ISBN 9788121510059,Ancient Indian Magic And Folklore: An Introduction

Ancient Indian Magic And Folklore: An Introduction



Munshiram Manoharlal Publishers Pvt Ltd

Publication Year 2001

ISBN 9788121510059

ISBN-10 8121510058

Hard Back

Number of Pages 203 Pages
Language (English)


Margaret Stutley is the author, with her husband, of A Dictionary of Hinduism, an indispensable reference work based on many years of research. In the present volume she draws on her study of religious cults and folklore to provide an introduction to the ancient magic and folklore of India. But the main source is the Atharvaveda, compiled about 1400 BC and containing much earlier lore, some of it originating in Sumeria, Babylonia, Iran and ancient Egypt. The book demonstrates that there are many parallels between Indian and European folklore, since both Europeans and the north-western Indian peoples are of Caucasian origin. The wearing of lucky charms, talismans and amulets is common to both, as well as the belief in lucky and unlucky days, birds and animals, the fear of curses and of the evil eye-still common in Africa, the Mediterranean countries and the east. Another common element is the fear of demonic possession, which has increased so much in the west that in 1972 the Bishop of Exeter set up a commission to devise the ritual for the exorcizing of evil spirits from people and haunted places.

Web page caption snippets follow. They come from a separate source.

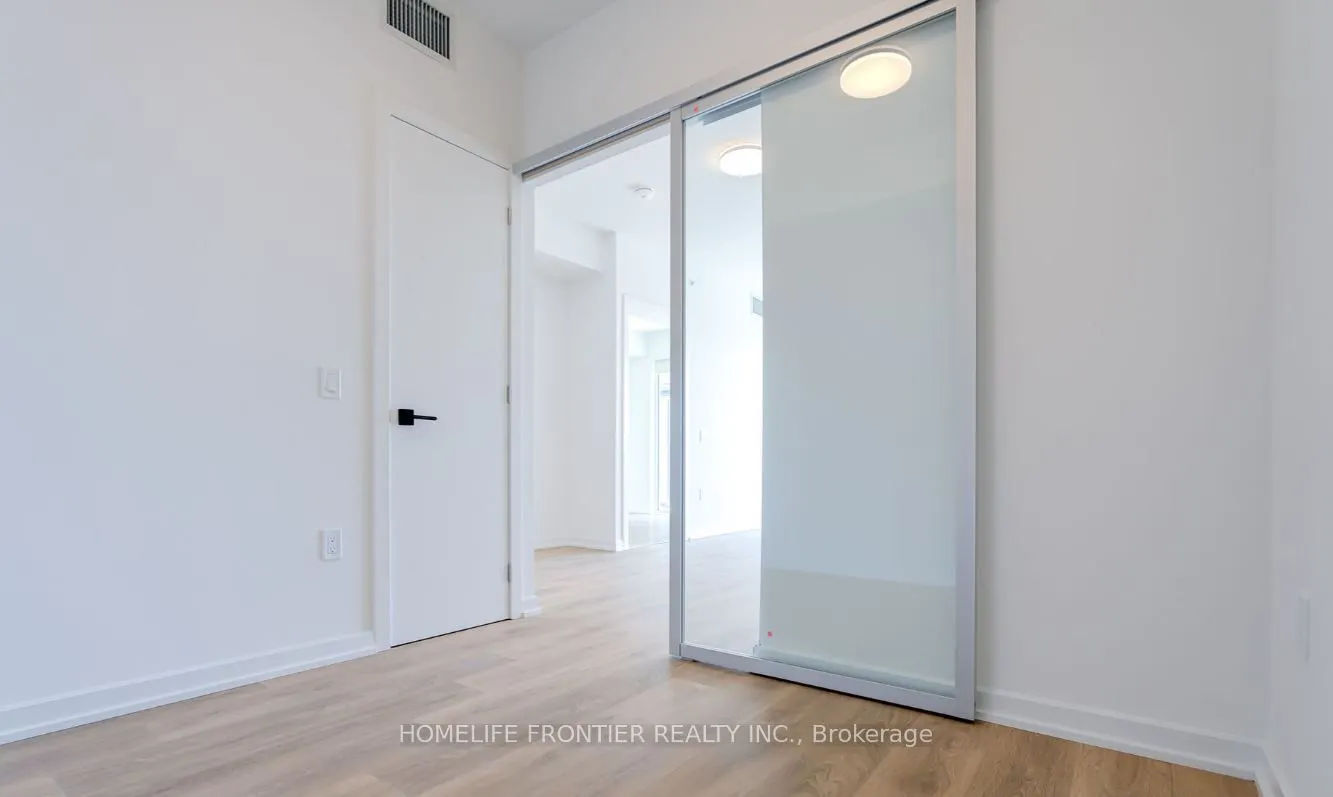 1285 Dupont Street, #1702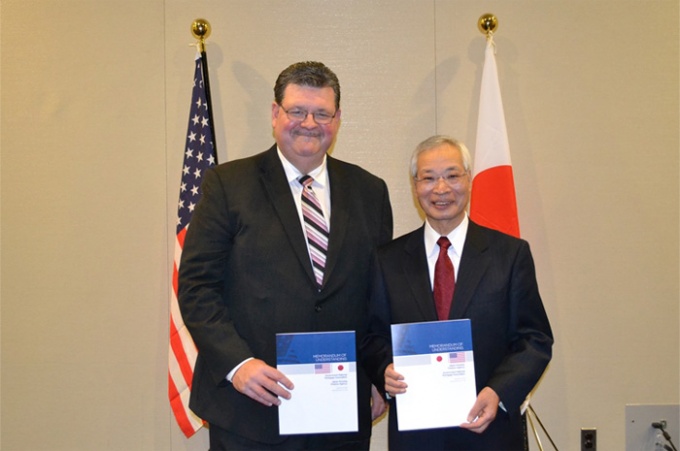 ジニーメイの総裁のテオドール・トーザ氏(左)と住宅金融支援機構理事長の宍戸信哉氏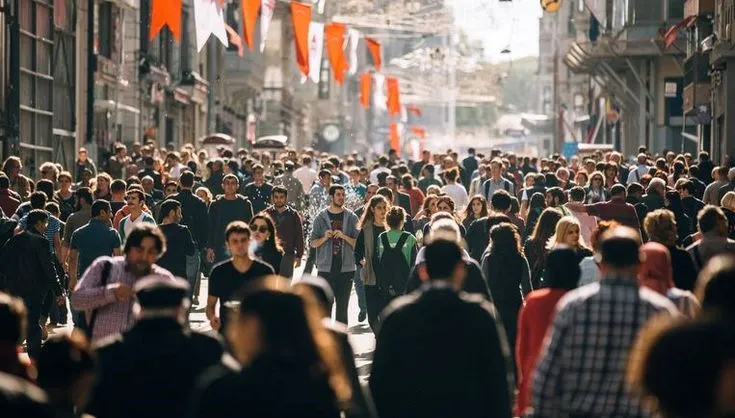 Rüyada Kalabalıkta Kaybolmak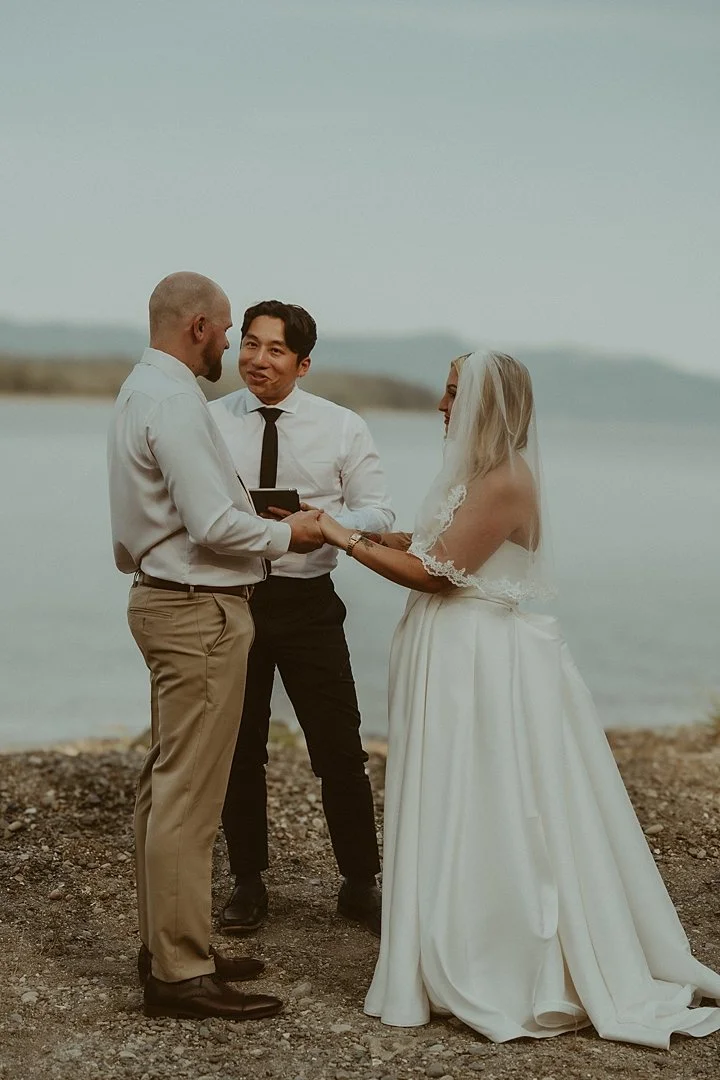 Pacific Northwest Waterfront Micro Wedding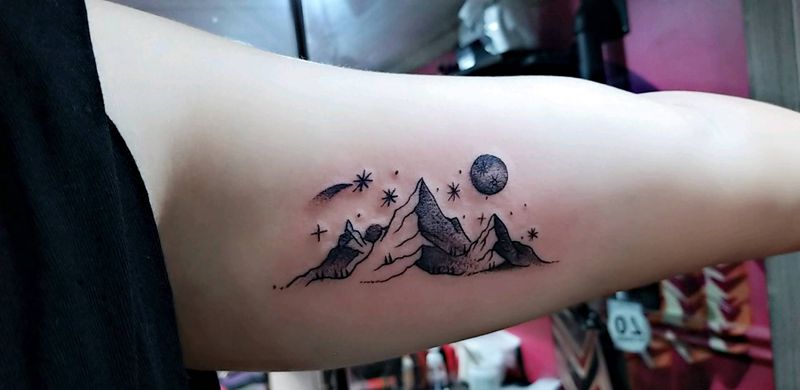 山！星空纹身图片_手臂点刺几何纹身图案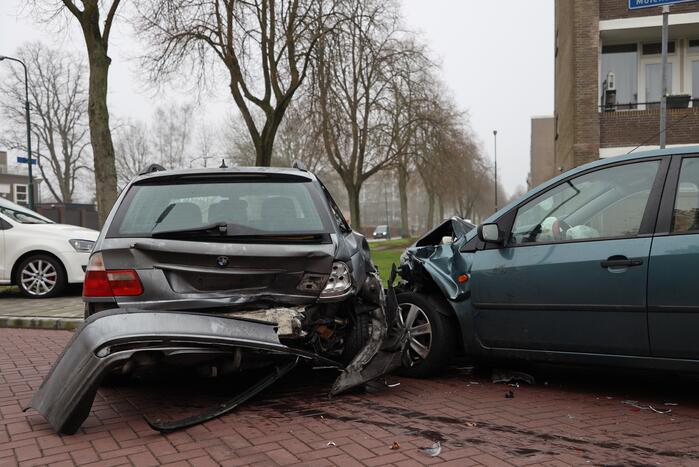 Meerdere voertuigen met elkaar in botsing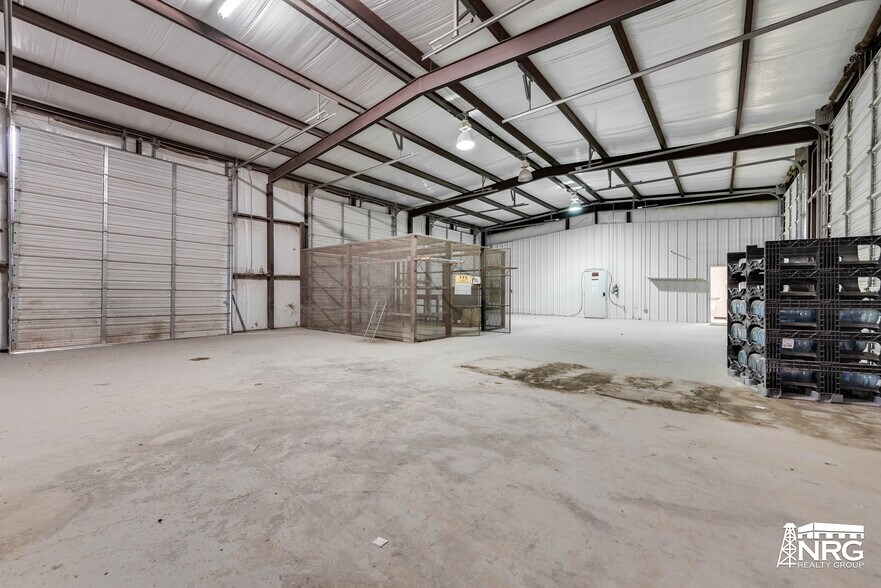 More Photos Of 13100 State Highway 191, Midland Manufacturing For Lease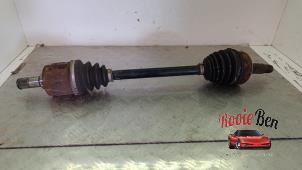 Gebruikte Homokineetas links-voor Honda CR-V (RE/RM) 2.0 16V Prijs € 100,00 Margeregeling aangeboden door Rooie Ben autodemontage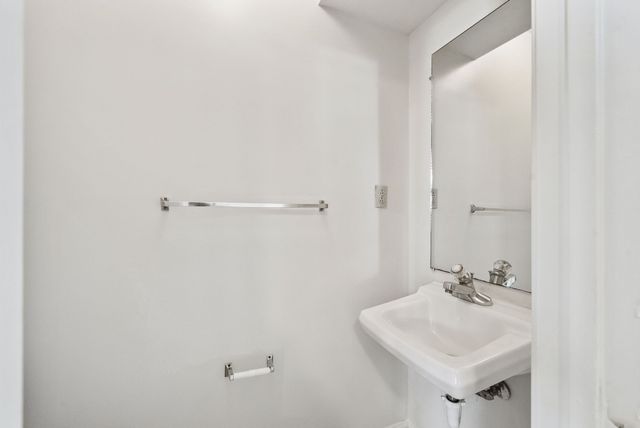 276 Northridge Dr Apt 4, Clarksville, TN 37042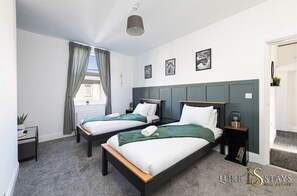 5 chambres, fer et planche à repasser, Wi-Fi, draps fournis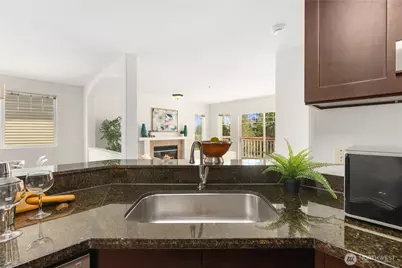 18501 SE Newport Way #H235, Issaquah, WA 98027 - Photo 9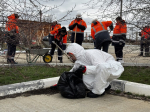Волгоградцы объединились для уборки города в рамках субботника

Margaret Stutley points out that magical elements exist in every religion since it is their presence that makes a system of beliefs into a religion. Thus magic and cult are essentially the same, all rites being basically magical. She also shows that in all societies different stages of belief exist side by side, and range from nave magico-religious beliefs to the most advanced spiritual and philosophical views.